**Recorded data:**
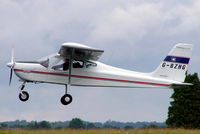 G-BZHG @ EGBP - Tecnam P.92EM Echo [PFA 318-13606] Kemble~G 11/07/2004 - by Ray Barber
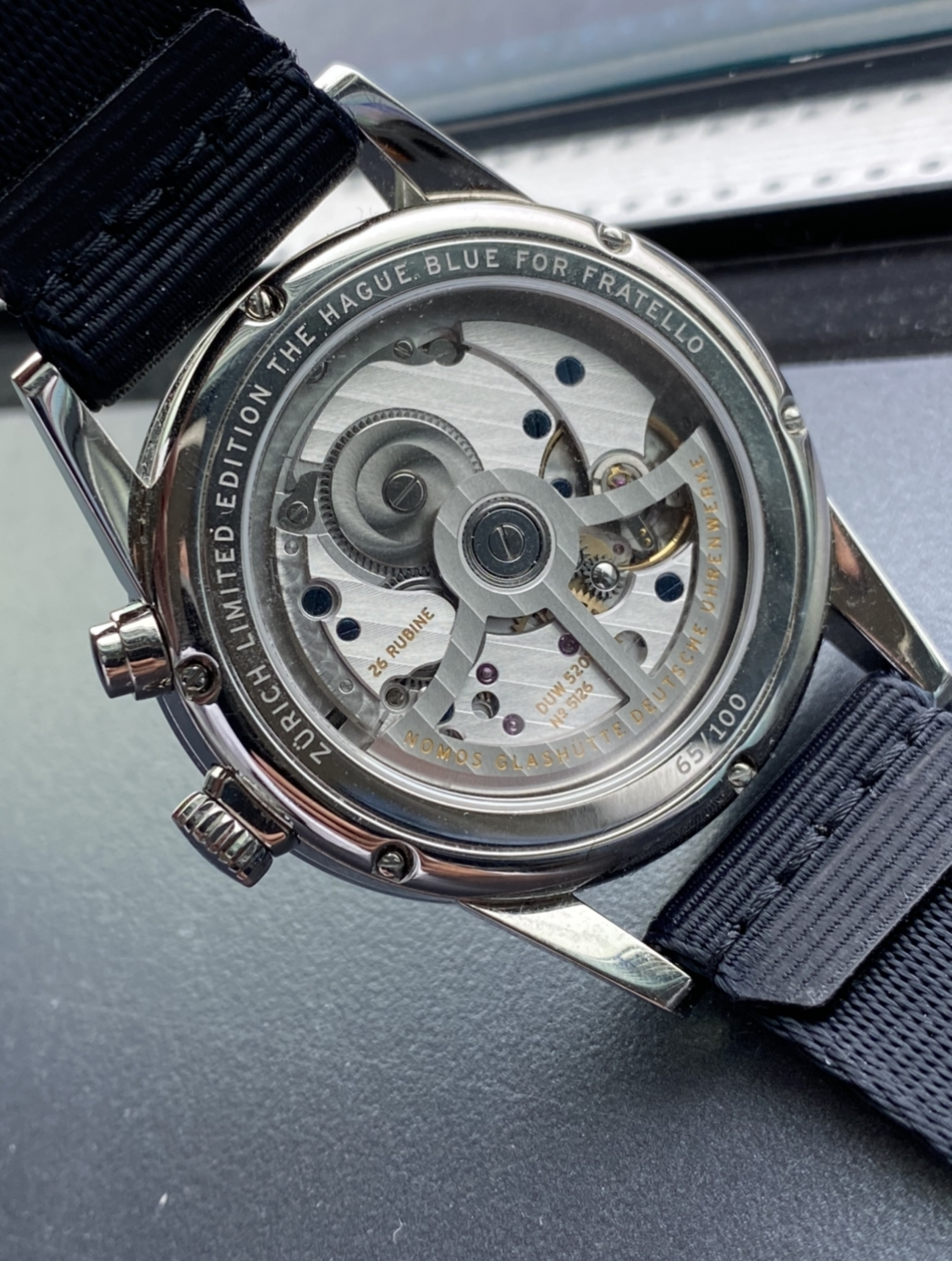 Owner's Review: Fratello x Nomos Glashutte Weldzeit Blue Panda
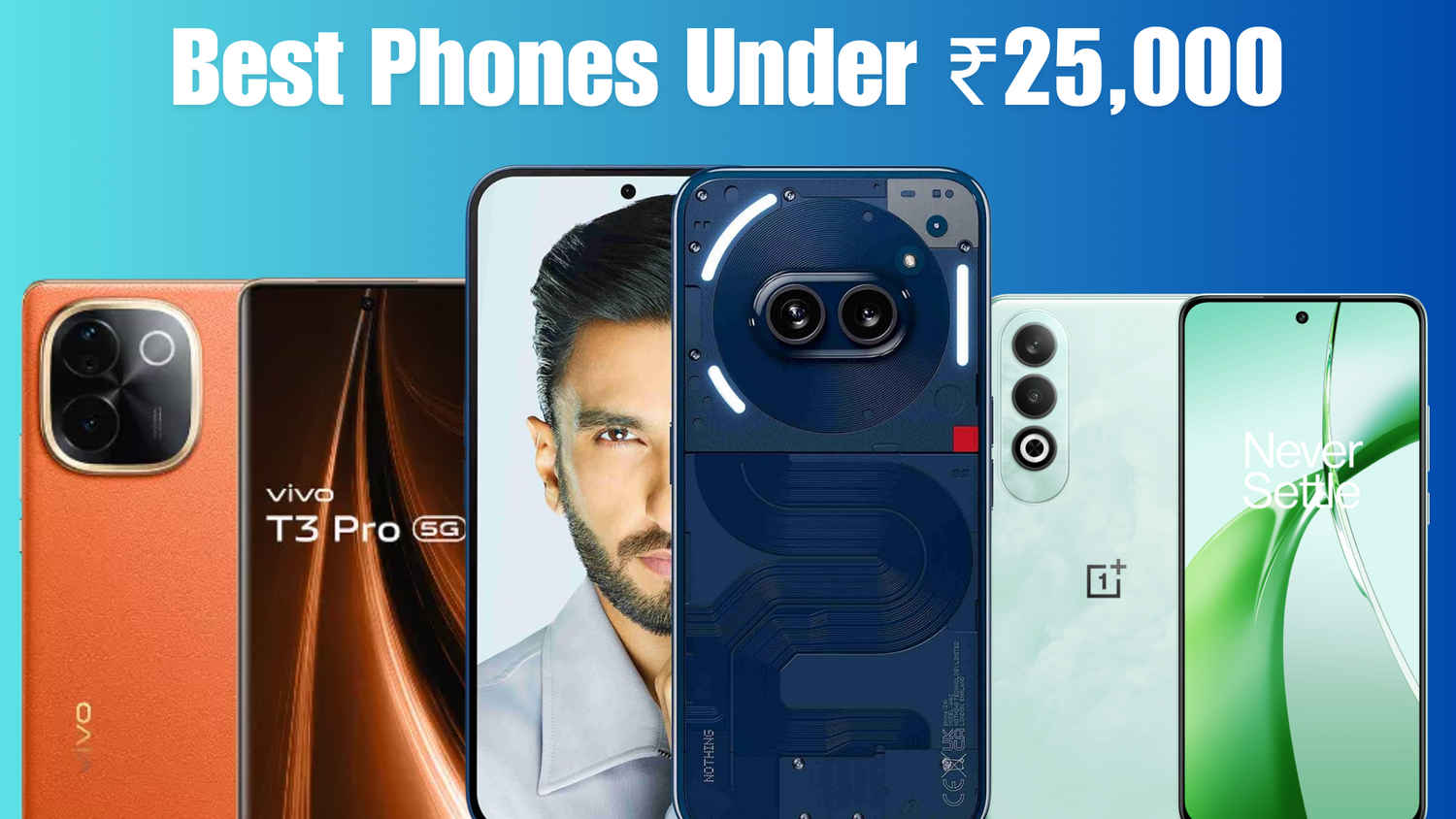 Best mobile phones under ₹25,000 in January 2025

**Assignment:** Give back exactly the lines from the line with "Owner's Review: Fratello" through the end of the material above, and omit every picture.

**Written answer:**
 Owner's Review: Fratello x Nomos Glashutte Weldzeit Blue Panda
 Best mobile phones under ₹25,000 in January 2025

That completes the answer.